From the little I know about Sappho, this collection does a superb job at conveying the overall tone of her work. Love is the ever present theme here, with all of its manifestations making an appearance - jealousy, desire, passion that verges on obsession and longing. Nature is made use of to create imagery and metaphor to an exquisite standard. Greek gods and goddesses are also incorporated into some of the fragments, adding more depth to the words. What I especially love about this collection is how spirituality an religion is also drawn upon to illustrate the power of the feelings being described. One does this fabulously:-

"Heart of mine, if all the altars
Of all the ages stood before me,
Not one pure enough nor sacred
Could I find to lay this white, white
Rose of love upon.

I who am not great enough to
Love thee with this mortal body
So impassionate with ardour,
But oh, not too small to worship
While the sun shall shine,-

I would build a fragrant temple
To thee, in the dark green forest,
Of red cedar and fine sandal,
And there love thee with sweet service
All my whole life long. . ." (No.xxx11, p.40-41)

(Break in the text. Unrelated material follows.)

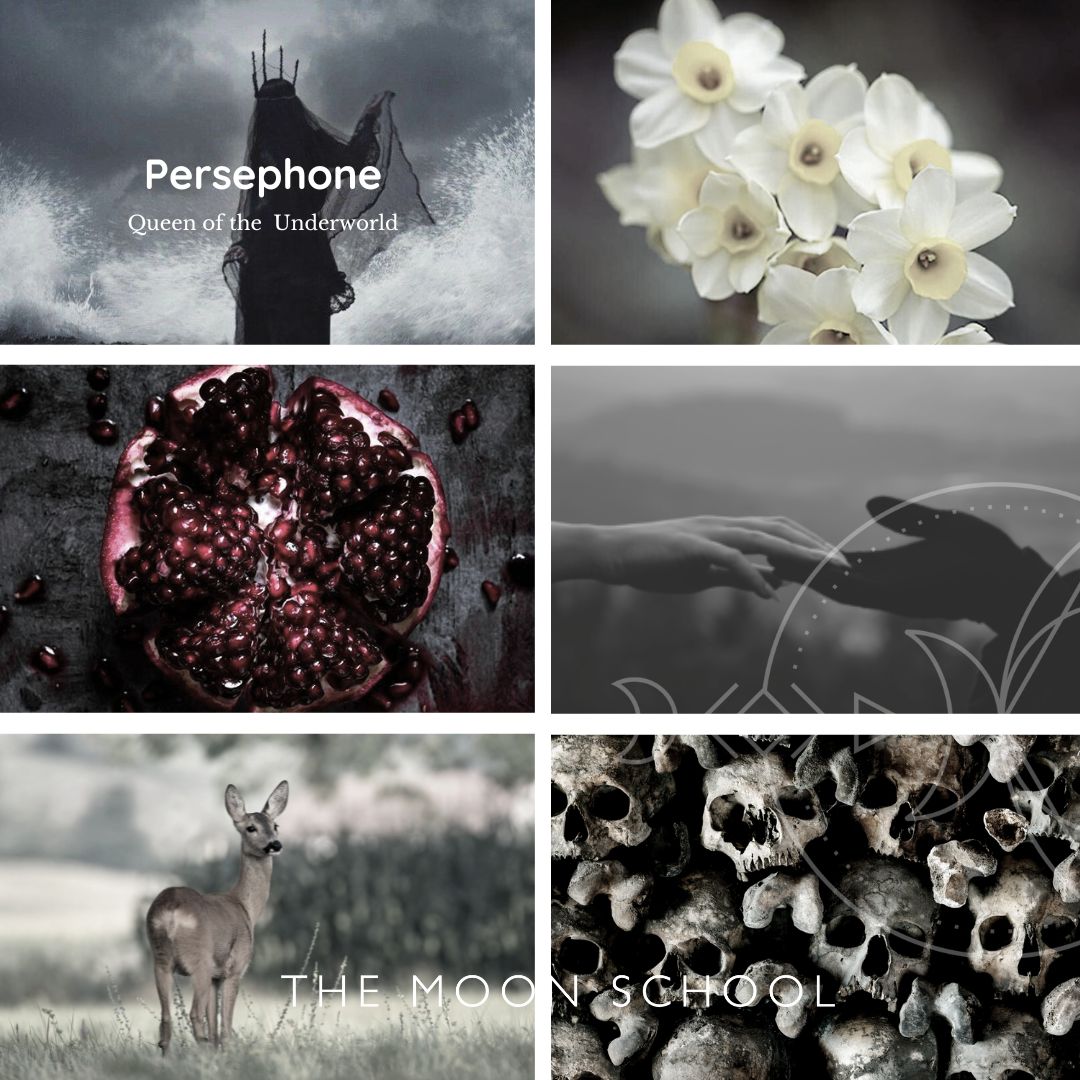 Montage of dark Goddess Persephone aesthetic Images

The idea of her love being too pure, too spiritual to have any altar in all of the ages speaks volumes. Instead, nature is turned to as the place where she feels that she would be able to celebrate and honour her feelings for her lover. It is truly a beautiful piece, and one of my favourites out of all the poetry anthologies I have.

Carman has done a wonderful job here. Although I cannot comment on the particular edition listed on Amazon (my edition was published in 1921 by Chatto & Windus), what matters is the poetry itself. As an introduction to the work of Sappho, you could not do better.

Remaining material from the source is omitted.